Vesting of the performance share units happens in the form of a cliff vesting upon the expiry of the vesting period. Once vested, corresponding FLSmidth shares are delivered to Group Executive Management without any payment in return of the delivery. All shareholder rights and obligations stay with the Company until the shares have been delivered.

The Board of Directors has the overall authority in deciding the final design of the annual Long-term Incentive Programme for Group Executive Management. If deemed necessary to meet the objectives and purposes stated in section 2.1 above, the Board of Directors may decide to deviate from the Long-term Incentive Programme design as described above.

In the annual remuneration report, the Board of Directors will disclose a retrospective overview of the Long-term Incentive Programme for Group Executive Management, consisting of target and maximum long-term incentive levels, and to the extent possible, also the overall achievement levels.
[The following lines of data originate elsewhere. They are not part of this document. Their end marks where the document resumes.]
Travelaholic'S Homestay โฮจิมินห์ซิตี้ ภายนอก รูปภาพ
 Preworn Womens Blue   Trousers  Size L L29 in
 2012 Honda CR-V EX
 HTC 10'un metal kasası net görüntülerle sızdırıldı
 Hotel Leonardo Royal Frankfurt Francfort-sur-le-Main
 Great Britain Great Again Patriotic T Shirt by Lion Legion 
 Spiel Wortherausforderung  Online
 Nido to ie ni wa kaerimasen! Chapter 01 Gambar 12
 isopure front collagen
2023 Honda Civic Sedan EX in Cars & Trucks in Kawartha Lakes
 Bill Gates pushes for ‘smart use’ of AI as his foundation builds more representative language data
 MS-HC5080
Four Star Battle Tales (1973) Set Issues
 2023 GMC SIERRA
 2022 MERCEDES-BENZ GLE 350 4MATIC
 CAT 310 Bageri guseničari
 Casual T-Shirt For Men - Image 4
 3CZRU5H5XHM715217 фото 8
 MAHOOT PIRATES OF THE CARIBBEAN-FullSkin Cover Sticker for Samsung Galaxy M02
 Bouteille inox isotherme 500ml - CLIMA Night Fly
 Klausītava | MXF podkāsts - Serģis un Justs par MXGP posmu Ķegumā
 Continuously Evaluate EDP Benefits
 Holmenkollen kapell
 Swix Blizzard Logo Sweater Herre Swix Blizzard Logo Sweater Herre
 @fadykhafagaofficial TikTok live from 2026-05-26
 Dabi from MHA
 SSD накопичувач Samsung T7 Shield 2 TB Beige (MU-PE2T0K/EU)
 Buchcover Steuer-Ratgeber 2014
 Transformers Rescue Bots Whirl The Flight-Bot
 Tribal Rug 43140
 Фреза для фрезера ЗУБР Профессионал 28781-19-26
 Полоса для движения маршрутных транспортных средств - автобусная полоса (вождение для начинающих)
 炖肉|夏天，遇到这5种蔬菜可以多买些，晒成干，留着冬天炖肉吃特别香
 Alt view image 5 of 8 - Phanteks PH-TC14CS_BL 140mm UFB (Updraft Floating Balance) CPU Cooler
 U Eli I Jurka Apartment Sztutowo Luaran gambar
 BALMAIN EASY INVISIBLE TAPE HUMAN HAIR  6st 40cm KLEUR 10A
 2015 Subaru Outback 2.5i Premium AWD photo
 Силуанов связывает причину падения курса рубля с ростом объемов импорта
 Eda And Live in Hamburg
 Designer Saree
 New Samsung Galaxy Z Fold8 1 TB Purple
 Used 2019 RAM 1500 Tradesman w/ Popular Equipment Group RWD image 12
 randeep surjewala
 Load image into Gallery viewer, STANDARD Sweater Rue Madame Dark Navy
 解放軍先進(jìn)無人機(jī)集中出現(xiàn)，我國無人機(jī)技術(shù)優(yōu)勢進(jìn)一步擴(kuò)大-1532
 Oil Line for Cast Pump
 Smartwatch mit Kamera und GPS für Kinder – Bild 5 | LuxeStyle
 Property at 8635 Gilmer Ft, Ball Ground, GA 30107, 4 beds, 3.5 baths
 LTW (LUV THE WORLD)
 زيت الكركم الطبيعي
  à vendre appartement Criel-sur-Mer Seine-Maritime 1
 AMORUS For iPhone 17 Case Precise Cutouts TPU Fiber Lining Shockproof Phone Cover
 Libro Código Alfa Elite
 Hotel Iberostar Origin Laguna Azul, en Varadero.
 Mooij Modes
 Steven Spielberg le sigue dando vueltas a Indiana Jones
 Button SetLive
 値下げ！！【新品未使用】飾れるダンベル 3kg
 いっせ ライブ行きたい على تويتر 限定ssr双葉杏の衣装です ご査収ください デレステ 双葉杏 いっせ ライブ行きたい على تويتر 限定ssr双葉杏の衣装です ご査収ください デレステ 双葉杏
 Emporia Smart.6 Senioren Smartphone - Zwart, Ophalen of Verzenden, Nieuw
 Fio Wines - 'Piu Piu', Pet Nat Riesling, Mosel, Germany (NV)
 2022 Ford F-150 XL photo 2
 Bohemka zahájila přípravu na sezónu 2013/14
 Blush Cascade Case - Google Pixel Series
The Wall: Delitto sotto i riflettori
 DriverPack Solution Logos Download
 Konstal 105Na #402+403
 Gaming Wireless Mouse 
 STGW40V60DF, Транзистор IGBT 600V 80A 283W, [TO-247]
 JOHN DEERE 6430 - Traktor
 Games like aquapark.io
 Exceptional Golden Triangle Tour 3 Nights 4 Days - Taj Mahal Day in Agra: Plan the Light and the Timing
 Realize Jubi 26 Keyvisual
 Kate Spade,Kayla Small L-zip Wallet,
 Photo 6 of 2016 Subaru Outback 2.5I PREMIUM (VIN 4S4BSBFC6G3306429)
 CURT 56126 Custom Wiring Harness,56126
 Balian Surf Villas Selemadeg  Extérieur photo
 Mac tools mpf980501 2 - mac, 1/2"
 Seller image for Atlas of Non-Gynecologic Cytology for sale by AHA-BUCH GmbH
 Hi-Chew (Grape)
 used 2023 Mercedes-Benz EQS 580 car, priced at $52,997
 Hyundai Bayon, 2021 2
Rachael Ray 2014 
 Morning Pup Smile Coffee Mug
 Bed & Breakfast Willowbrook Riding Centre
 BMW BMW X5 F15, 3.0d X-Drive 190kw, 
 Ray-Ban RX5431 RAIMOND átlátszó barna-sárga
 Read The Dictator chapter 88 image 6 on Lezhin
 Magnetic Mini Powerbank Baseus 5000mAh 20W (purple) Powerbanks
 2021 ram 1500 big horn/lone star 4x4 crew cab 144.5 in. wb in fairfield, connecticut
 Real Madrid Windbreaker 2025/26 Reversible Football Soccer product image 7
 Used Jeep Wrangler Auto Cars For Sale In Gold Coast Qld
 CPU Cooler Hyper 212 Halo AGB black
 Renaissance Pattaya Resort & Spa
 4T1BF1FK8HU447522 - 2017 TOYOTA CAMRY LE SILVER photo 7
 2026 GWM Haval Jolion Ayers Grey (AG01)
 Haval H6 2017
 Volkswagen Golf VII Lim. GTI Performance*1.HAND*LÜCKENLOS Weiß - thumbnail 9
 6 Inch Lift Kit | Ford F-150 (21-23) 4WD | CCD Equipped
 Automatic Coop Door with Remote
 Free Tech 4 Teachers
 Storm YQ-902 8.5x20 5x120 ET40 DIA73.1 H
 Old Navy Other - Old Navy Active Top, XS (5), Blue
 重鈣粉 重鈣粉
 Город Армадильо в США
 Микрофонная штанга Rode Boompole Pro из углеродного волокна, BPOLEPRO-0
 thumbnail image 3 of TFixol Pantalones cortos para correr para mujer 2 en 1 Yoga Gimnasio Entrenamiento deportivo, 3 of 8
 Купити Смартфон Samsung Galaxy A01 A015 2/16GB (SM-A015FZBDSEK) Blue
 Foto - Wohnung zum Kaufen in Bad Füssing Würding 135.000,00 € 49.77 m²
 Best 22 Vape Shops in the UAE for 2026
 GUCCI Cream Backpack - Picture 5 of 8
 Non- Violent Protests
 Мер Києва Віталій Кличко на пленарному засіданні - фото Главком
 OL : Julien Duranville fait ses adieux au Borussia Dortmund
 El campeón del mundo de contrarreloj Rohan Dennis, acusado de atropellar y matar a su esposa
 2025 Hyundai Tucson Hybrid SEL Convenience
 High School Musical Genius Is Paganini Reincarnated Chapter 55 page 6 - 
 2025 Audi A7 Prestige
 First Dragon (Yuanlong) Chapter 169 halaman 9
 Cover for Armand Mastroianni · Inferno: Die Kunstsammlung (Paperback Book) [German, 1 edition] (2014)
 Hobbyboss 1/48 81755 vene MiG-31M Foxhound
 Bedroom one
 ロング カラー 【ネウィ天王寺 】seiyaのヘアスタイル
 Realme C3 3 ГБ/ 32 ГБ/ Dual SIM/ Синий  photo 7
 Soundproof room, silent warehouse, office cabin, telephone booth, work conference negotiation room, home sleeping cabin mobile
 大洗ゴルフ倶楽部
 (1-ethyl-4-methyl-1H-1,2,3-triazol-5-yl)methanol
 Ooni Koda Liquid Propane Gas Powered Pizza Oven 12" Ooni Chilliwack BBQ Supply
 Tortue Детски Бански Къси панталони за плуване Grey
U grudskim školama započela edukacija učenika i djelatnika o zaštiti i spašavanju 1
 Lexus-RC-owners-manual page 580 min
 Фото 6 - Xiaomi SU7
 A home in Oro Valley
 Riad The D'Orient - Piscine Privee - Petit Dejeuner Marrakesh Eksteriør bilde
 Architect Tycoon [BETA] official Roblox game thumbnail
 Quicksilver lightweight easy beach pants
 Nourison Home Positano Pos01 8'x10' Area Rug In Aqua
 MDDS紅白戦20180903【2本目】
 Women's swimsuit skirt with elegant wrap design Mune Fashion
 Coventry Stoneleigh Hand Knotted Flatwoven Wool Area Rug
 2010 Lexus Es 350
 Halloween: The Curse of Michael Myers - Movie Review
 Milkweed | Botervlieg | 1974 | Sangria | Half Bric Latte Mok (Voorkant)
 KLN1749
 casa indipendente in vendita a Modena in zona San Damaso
The Group CEO shall be required to hold a certain portion of vested shares from the Long-term Incentive Programme until a target portfolio of company shares has been achieved. The target portfolio of shares shall correspond to 50% of the annual base salary. The Group CEO is expected to build up this portfolio over a maximum of five (5) years. This sharehold-

ing requirement has been introduced in connection with this remuneration policy and the expectation is that the target portfolio of shares must be built up over a maximum of five years from the adoption of this policy.

Benefits

As approved by the Board of Directors, Group Executive Management shall be entitled to customary benefits such as company car, professional and personal development, news subscription, telephone, internet, etc.

If an executive must relocate to another country to fill a Group Executive Management position, necessary mobility related benefits such as housing allowance, school tuition fee allowances and similar may be applied at the discretion of the Board of Directors.

Group Executive Management are offered to participate in FLSmidth's standard pension and insurance scheme. Contributions are paid fully by the executive.

Other incentives

At the Board of Directors' discretion, supplementary bonus schemes or other incentive-based remuneration for special purposes, e.g. retention schemes, change-of-control scenarios, sign-on schemes or similar may be provided if deemed necessary to meet the overall objectives and purposes stated in section 2.1 or if it is needed to protect the interests of the Company.

In any given financial year, the value of such supplementary bonus schemes or incentive-based remuneration may not exceed an amount corresponding to 150% of the annual base salary.

These incentives may consist of cash and/or share-based remuneration and the conditions in respect of such grants, e.g. whether the grant and/or vesting should be subject to fulfilment of KPIs, are determined by the Board of Directors.

Expenses

Per the FLSmidth's standard procedures for travel, hotels, meals and similar, the Company pays necessary expenses for Group Executive Management either through the Company's direct payment of these expenses or through subsequent expense reimbursement.

Clawback

In special cases, clawback of the variable remuneration for Group Executive Management may be carried out, including in the event of the variable remuneration having been set based on one or more factors which turns out to be incorrect.

Termination and severance payment

Executive service agreements with Group Executive Management are open-ended. Ordinary notice of termination of employment may be up to eighteen (18) months and severance payment may correspond to a maximum of six (6) months base salary.

From the date notice of termination has been given, Group Executive Management has no right to be granted any further long-term incentives. The entitlement to keep already granted performance share units depends on good or bad leaver status as defined in the programme.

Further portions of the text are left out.